I have finally settled on the gap that works best for us using PLA. Our 3D Systems 3rd Generation Cubes came with a "Gap Tool" that is a strip of plastic that measures a uniform thickness of .10mm thick. I am now using this to set the baseline gap and corner offsets of the M3D Micro. While I have not found the need, I can increase the gap simply by increasing the Bed Height Offset on the Calibration Tab of the Micro client software.
The Scope of the Print Task
We printed 12 sets of each color in groups of four at a time using two different printers. They were print with a layer height of 350 microns and density of low. Each group took approximately 1 hour and 45 minutes. Each sample has a printed number indicating a specific color.
|Genie Blue Ice Test Sample|
The Print Experience With Chameleon
I was very pleasantly surprised by the overall experience of printing with Chameleon 3D Ink. In fact, if I were to select a single phrase to describe the process it would have to be "Smooth as butter!"

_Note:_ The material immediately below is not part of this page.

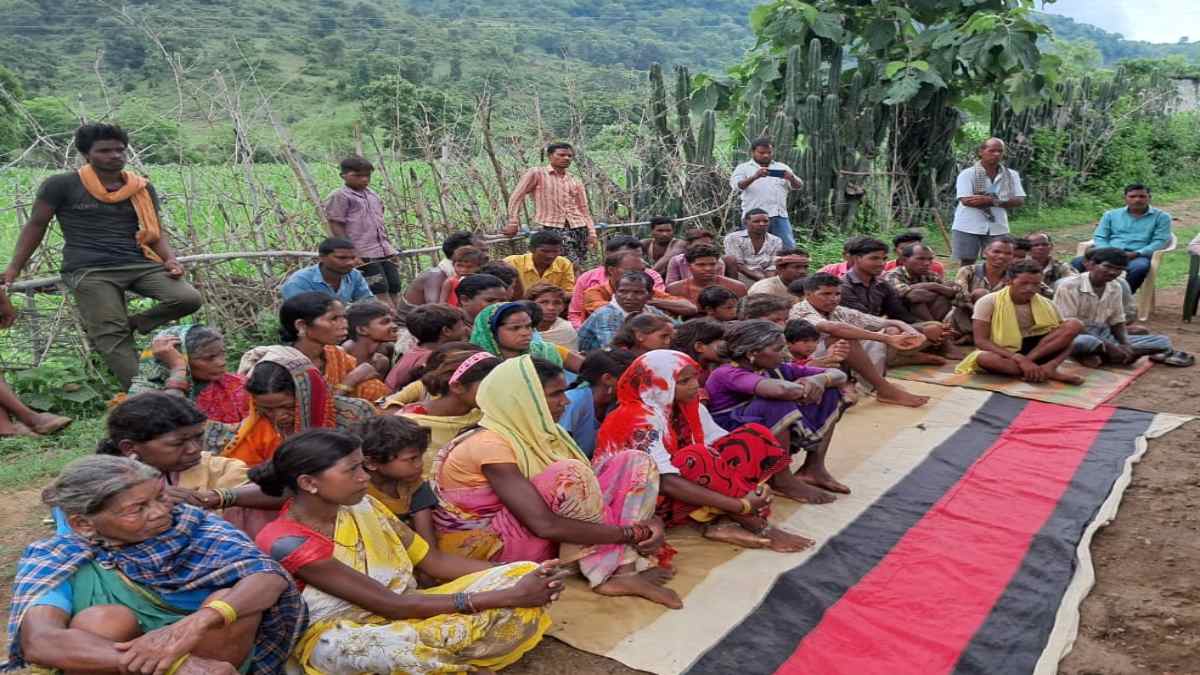 MP में आदिवासियों पर दर्ज 8 हजार वन अपराध मामले खत्म करेगी सरकार, कार्ययोजना तैयार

And, I literally mean that.
Removing the Chameleon is so smooth and easy. It seems to have a slightly softer surface characteristic than regular PLA. Chameleon has a unique tactile feel as it is separated from the build plate. The texture reminds me of a plastic known as Delrin. I use a palette knife (Nicole #7) purchased from AC Moore and/or Warner's "Apply" window caulking knife found in hardware stores. Both items have a nicely sharpened blade.
I admit that I am easily amused. But, watching the material change color as it is printed is just plain fun... as is watching it morph into a different color as it cools. The color transitions are not always as expected.. For instance, I placed one item in the freezer for a few minutes. It was a deep purple when it came out. But, what is surprising is that it has remained a deeper color than those that were never placed in the freezer, even though it's been sitting out for a while. This tells me that when we have the thermometers ready for our exploration in the lab, we are going to see some interesting results!
Not a Single Clog
I have to mention that I'm very impressed by the fact that even after hour upon hour of printing with the M3D Micro, I have not had a single clog. Nor, have I had any warping with the Chameleon materials with the test objects.
Not a single reel of Chameleon 3D Ink has given even a moment's worth of trouble. In fact, it's been a joy to print and remove Chameleon parts. But, the real fun is going to come later as our cadets get to explore the variety of characteristics presented in the entire Chameleon line-up. I'm really looking forward to it. We'll be sure to create a video.